On the front wall of each classroom, above the teacher’s head, was a large clock framed by carpenters into the plaster wall. There were a couple dozen classrooms in the building, all with identical clocks, and all their black hands were stopped on white faces at the same clock time. We were told they were frozen by the floodwaters of the Ohio River in the 1937 flood.
In 1971, hearing that, I could turn my head to my left while sitting in my schooldesk and see, out the open window in warm September, the earthen floodwall that had been built by the Army Corp Of Engineers as a response to that 1937 flood. The Floodwall was two stories high, and grassy. It was thick as a street at the bottom, with a flat terrace halfway up, just wide enough to pause for breath as you did vertical sprints in track practice. At the top it was wide enough to run 6 abreast in your underwear on a dare by your friends.

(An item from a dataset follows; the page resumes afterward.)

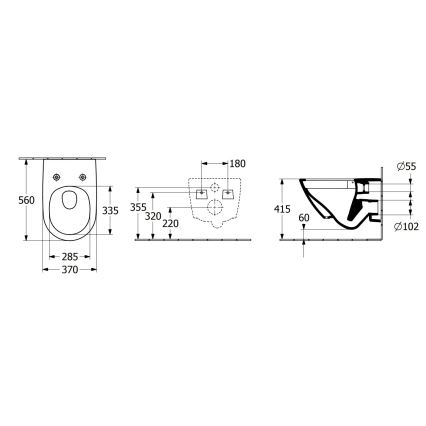 Villeroy & Boch 4670TSR1 - Hänge-WC mit SoftClose-WC-Sitz SUBWAY 3.0 Keramik/weiß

It stood so high you couldn’t see anything beyond it from my desk except the tops of trees whose roots, on the far side, snaked out into the river water. But it blocked the view of the river itself. It was such a visual barrier that there were few spots in town where you could stand and see the steady strings of coal barges floating down the Ohio. So we no longer thought of ourselves as a river town, even though everybody in town constantly said things like “the street next to the Floodwall”. Beyond the Floodwall was just garbage and driftwood and winos. Outer darkness and gnashing of teeth. Carp. Barges. Coal scum outlining wet roots.

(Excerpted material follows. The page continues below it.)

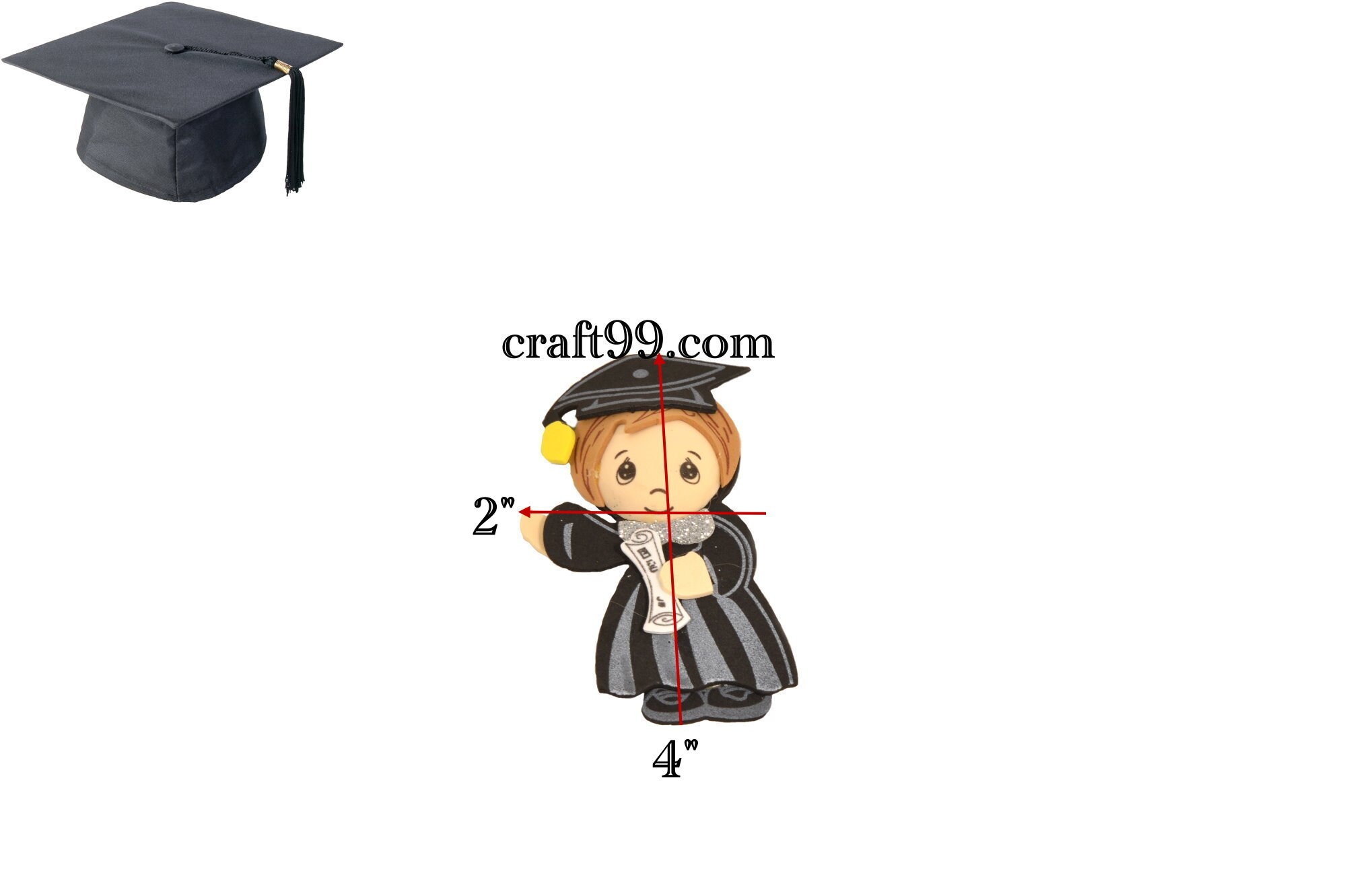 Graduation Cap and Gown with Diploma Party Favors. 3D Etsy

The Floodwall ran the length of town, out of sight upriver and down, to other towns. We didn’t care about those. They were just football rivals.
As I say, the clocks were framed into the wall. Even in 1971 I tried to imagine in what world were wallclocks framed into schoolhouse walls by carpenters. By my time they’d have just hung plastic clocks from Japan on screw heads in drywall, and called it done. Of course, there are not even wallclocks in schools now. Time is a number on a screen. No hands move in solar cycles on faces.
The institutional green of the walls had been painted many times over the years, so we couldn’t see a stain from a waterline, which must have been higher than our heads to stop those clocks.
I now realize I first heard the clock explanation less than 40 years after the flood, but it’s now been more than 40 years since I last saw those clocks.